Concrete steps should be taken to develop and enrich mariculture (breeding and rearing of certain selected marine organism), ocean husbandry, marine pasture, taming and training of certain sea animals (like dolphin, porpoises, shark etc.) etc. for the sustainable yield of marine resources.
Efforts should be made to keep the seas and oceans free from anthropogenic pollution for rich and healthy condition of marine environment and ecology.
The following are the major sources of marine pollution:
(1) Discharge of waste water, sewage, and toxic chemicals from the urban areas and industrial establishment of coastal areas into the seas;
(2) Dumping of urban and industrial garbage of coastal cities and industries into the seas;
(3) Disposal of solid waste materials mainly plastics in the sea water;
(4) Leakage of enormous quantity of mineral oil from oil tankers and spreading of oil slicks therefrom;
(5) Pollutants from offshore oil wells (according to an estimate on an average about 241 million gallons of oil are leaked every year from oil tankers in the oceanic water);
(6) Increase in the acidity of seawater due to increase in the concentration of carbon dioxide consequent upon rapid rate of deforestation;
(7) Increase in the concentration of heavy metallic materials like lead, copper, zinc, chromium, nickel etc. from land areas brought by the wind;
(8) Arrival of radioactive substances from nuclear plants, nuclear-powered ships and testing of nuclear weapons into seawater etc.
It is expected from the world community to initiate concrete and effective steps to keep the oceanic water free from pollution in the interest of both marine biological community and human community. If complete check on the discharge and disposal of pollutants of different sorts into seawater is not possible, minimum quantity of pollutants to be discharged should be determined and agreed upon.
There are two formidable problems in the conservation of marine resources e.g., international character of marine resources and equal right of all countries for their use; high mobility of marine organisms. It is necessary to formulate and enact international laws and to enforce them strictly for sustainable utilization of marine resources.

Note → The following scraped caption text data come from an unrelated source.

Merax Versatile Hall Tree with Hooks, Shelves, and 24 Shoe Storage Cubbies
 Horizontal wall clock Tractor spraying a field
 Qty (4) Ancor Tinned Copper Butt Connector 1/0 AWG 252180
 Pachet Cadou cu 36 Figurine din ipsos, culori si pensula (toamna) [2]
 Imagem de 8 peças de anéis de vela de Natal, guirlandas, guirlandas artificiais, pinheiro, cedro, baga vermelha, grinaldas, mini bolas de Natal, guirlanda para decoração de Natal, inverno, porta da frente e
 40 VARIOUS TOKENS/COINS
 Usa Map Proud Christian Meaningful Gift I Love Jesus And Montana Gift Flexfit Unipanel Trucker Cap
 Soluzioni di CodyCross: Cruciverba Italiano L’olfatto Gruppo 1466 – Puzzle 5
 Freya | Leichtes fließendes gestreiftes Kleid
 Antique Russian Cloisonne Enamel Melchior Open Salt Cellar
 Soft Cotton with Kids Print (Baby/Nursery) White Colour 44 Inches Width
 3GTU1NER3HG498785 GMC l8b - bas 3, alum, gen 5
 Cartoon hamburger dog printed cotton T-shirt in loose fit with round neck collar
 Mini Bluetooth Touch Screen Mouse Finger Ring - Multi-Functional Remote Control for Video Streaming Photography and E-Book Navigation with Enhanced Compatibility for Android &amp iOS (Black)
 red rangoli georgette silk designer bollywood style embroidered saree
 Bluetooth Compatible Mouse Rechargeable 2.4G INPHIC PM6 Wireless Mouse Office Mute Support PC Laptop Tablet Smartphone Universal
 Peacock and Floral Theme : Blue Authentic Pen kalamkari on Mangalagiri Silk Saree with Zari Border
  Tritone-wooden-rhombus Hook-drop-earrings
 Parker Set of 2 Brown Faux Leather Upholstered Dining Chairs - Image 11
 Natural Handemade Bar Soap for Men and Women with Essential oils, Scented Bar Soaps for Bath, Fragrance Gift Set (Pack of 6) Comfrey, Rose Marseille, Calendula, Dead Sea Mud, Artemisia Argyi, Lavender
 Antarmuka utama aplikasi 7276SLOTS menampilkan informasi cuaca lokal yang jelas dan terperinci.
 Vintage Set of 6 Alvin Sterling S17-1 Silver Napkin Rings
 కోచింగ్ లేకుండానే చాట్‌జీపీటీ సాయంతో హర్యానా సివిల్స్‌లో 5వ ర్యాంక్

Several attempts have been made in this regard and many laws have been formulated like law of high sea; laws related to piracy, trade of slaves, war etc.; law of continental shelves; law of exploitation of sea bottoms etc. but these laws are not enough for the desired purposes. There is need for effective laws related to the exploitation of deep sea resources, strategic and military uses of seas, scientific researches and international co-operations to make marine resources useful for world human community.
There is earnest need for serious ecological researches for the understanding of marine biological processes (both chemical and physical). Further development of marine biology is required for the study of marine ecology.
The endangered species of marine organisms mainly fishes, which are at the verge of extinction due to overfishing need immediate protection. For example, 8 species of whales which have become endangered are facing extinction. Baleen whales are the most endangered species of whales.
The number of blue whales and humpback whales has also fallen alarmingly due to modern and efficient methods of whaling. A few countries like U.K, Norway, Netherlands etc. have self-imposed moratorium for the protection of whales. International cooperation is the need of hour in this regard.